I don't name mine. I decided ahead of time that I'd grab the first nine to molt to L2 and put each into a numbered cup in sequential order, #1 being the first to molt and so on. I definitely love them and am sad when one dies, and I do my best to give them a good home. But I don't know if I can properly call them pets since I set the vast majority of nymphs free in my back yard long ago, and will probably do the same with most of my remaining ten (two of the original nine died, girlfriend gave me three of hers) once they become adults. I'll definitely be keeping a couple as pets, though. And I completely agree that they develop individual personalities.


----------



## ismart (Aug 25, 2009)

I don't name any of mine. There are just far to many to name. I don't really consider mine as pets. There life span is just to short for me to get attached to them like a cat or a dog. I may not think of them as pets, but i treat them as pets. So wait, does that make them pets? I'm so confused!  :lol:


----------



## hibiscusmile (Aug 25, 2009)

I just put up the L girls into bigger containers with a resting ledge to fatten up for breeding, todays girls all get the L work! Lets see who we have here..... theres Lois, Lulu, Lyn, Lola, Lila, Lucy, Liddy, Laruen, Laura, Lacy, and Lori! All orchid ladies!


----------



## ismart (Aug 25, 2009)

hibiscusmile said:


> I just put up the L girls into bigger containers with a resting ledge to fatten up for breeding, todays girls all get the L work! Lets see who we have here..... theres Lois, Lulu, Lyn, Lola, Lila, Lucy, Liddy, Laruen, Laura, Lacy, and Lori! All orchid ladies!

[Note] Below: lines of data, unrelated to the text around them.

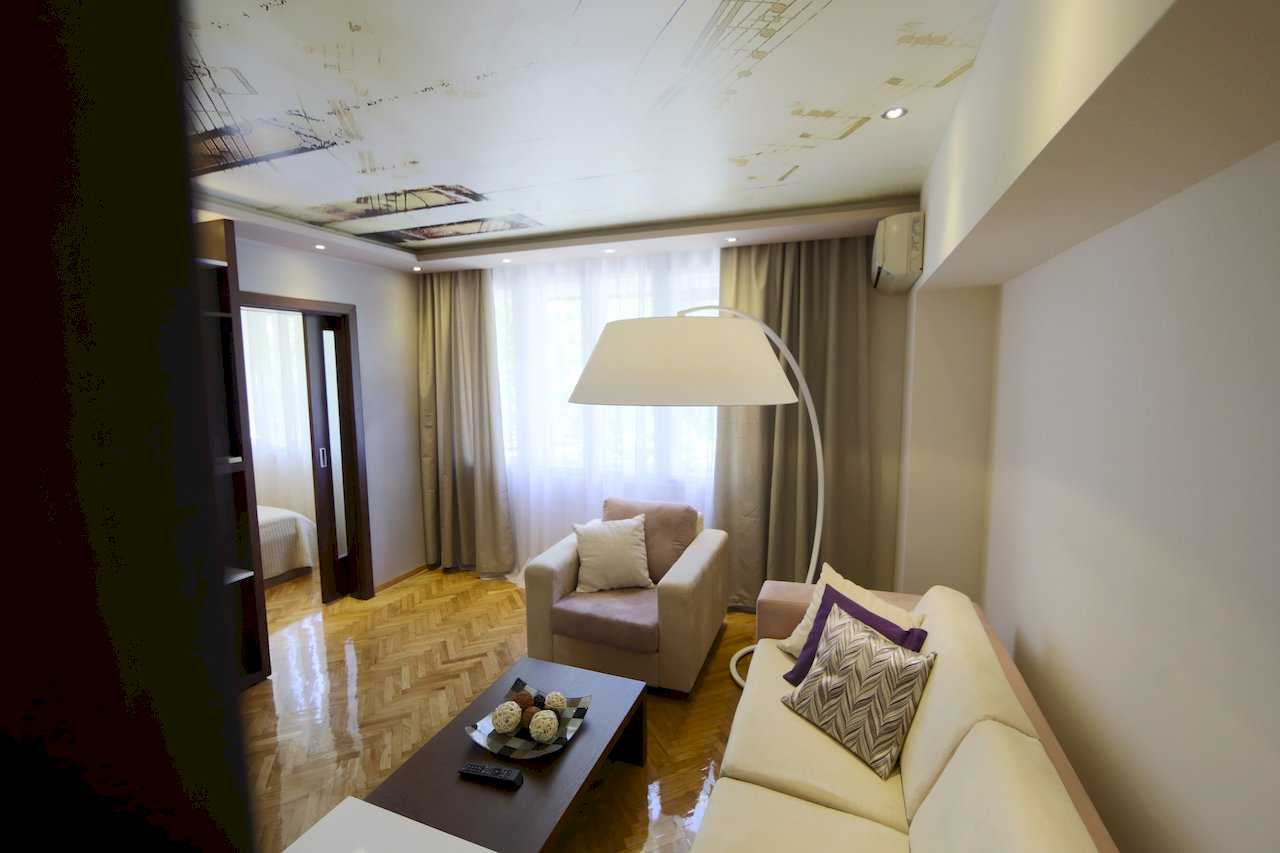 Apartment Taš 2 (King Alexander Boulevard, Tašmajdan, Belgrade) – living area with sofa, armchair, arched floor lamp and view toward the bedroom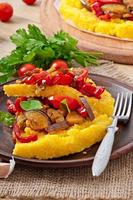 Polenta with vegetables - corn grits pizza with tomato and eggplant photo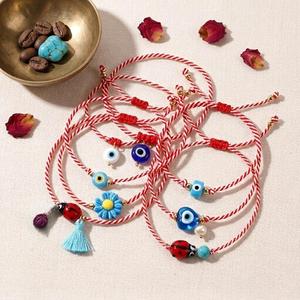 Pulsera de cuerda trenzada roja y blanca hecha a mano Resoul con amuleto de mariquita y flor margarita, joyería de protección y buena suerte para mujer - Product Image 1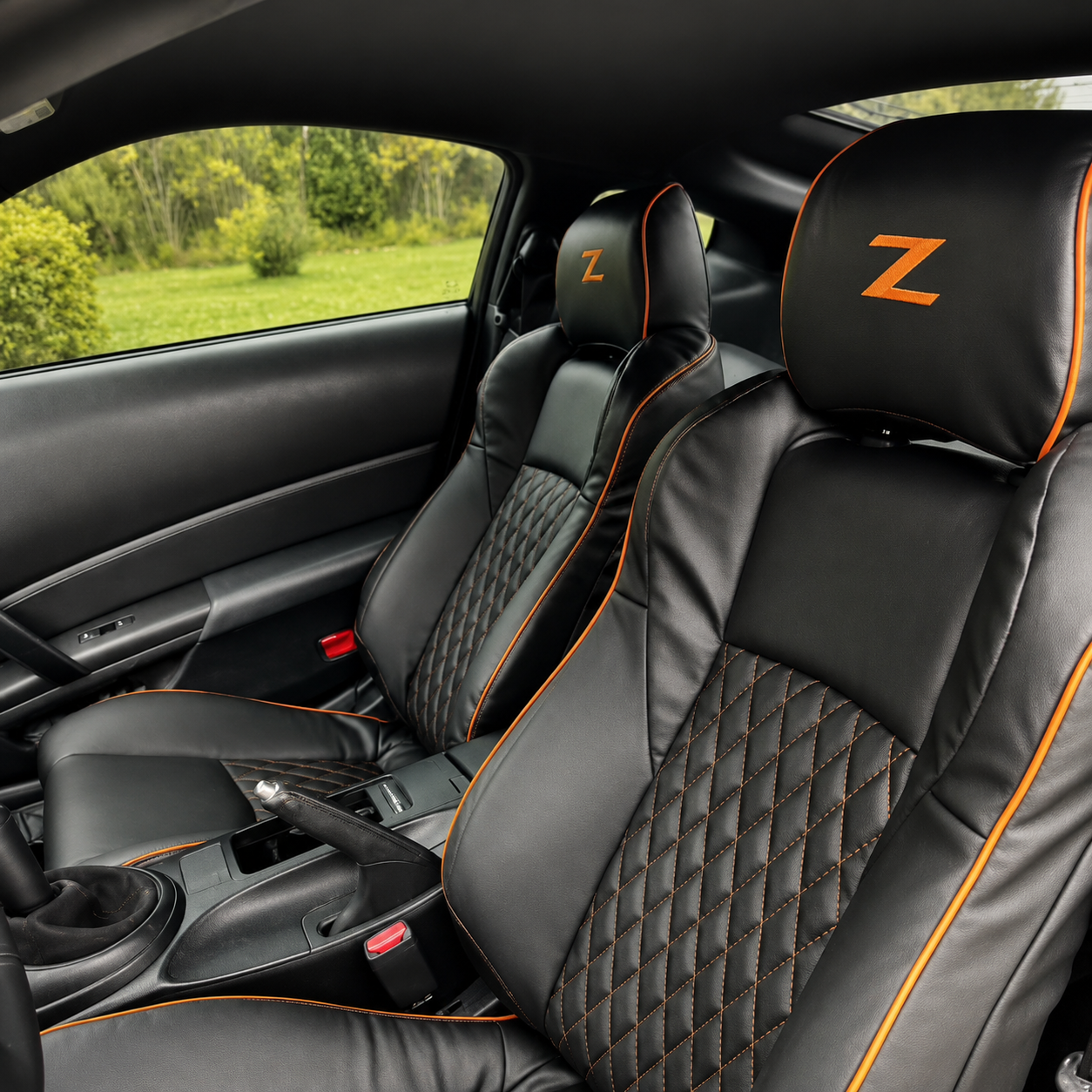 Nissan 350Z black leather seat covers featuring a bold diamond pattern and vibrant orange piping, crafted for 2003-2008 models.
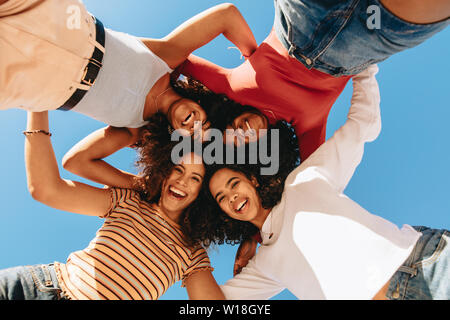 Low Angle View von Happy weibliche Freunde mit lockigem Haar stehen im Kreis und auf Kamera. Mädchen in eine Hürde nach unten schauen und Lachen. Stockfoto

I'm very impressed! B) Out of the trillions of mantids you probally own you still mange to find the time to name them.


----------



## charleyandbecky (Aug 25, 2009)

I'm just drooling at all those shelves full of orchids. I can't wait till I can order my orchie.

Rebecca

...and not only do we name our mantids, the kids even write songs about them


----------



## hibiscusmile (Aug 25, 2009)

oh! post a song. and of course they have to have names if they stay here, they insist! :wub:


----------